Stored items:
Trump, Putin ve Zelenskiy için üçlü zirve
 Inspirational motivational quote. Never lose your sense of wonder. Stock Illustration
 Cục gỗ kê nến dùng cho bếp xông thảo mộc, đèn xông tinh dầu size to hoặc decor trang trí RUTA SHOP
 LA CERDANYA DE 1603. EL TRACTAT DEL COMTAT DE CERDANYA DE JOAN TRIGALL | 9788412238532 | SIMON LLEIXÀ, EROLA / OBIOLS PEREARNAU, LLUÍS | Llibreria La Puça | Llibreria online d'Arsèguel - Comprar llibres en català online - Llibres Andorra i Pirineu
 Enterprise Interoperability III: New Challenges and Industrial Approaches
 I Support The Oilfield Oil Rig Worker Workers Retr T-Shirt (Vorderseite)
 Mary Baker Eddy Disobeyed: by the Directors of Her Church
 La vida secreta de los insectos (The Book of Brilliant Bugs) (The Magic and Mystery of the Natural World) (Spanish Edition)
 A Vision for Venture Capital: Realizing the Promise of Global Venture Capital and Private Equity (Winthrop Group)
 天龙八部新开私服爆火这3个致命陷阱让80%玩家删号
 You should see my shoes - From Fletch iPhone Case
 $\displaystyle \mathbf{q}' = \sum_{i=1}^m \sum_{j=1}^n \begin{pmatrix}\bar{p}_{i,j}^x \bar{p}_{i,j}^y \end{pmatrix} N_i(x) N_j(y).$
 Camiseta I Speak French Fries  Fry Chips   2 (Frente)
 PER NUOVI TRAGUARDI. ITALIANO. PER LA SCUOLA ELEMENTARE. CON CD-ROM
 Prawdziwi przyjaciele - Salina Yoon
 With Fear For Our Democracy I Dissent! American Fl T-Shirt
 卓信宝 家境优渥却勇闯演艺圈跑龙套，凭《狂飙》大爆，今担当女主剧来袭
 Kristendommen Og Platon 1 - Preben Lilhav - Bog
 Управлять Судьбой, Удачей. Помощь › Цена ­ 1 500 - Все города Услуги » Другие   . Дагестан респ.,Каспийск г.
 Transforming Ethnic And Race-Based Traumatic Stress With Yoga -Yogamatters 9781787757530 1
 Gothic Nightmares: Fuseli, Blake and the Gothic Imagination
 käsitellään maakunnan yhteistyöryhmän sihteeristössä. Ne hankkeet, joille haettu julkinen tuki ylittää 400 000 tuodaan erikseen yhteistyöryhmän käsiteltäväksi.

Instructions to follow: The answer must consist of each line in the entries above that includes "With".

Exercise response:
 With Fear For Our Democracy I Dissent! American Fl T-Shirt
 Transforming Ethnic And Race-Based Traumatic Stress With Yoga -Yogamatters 9781787757530 1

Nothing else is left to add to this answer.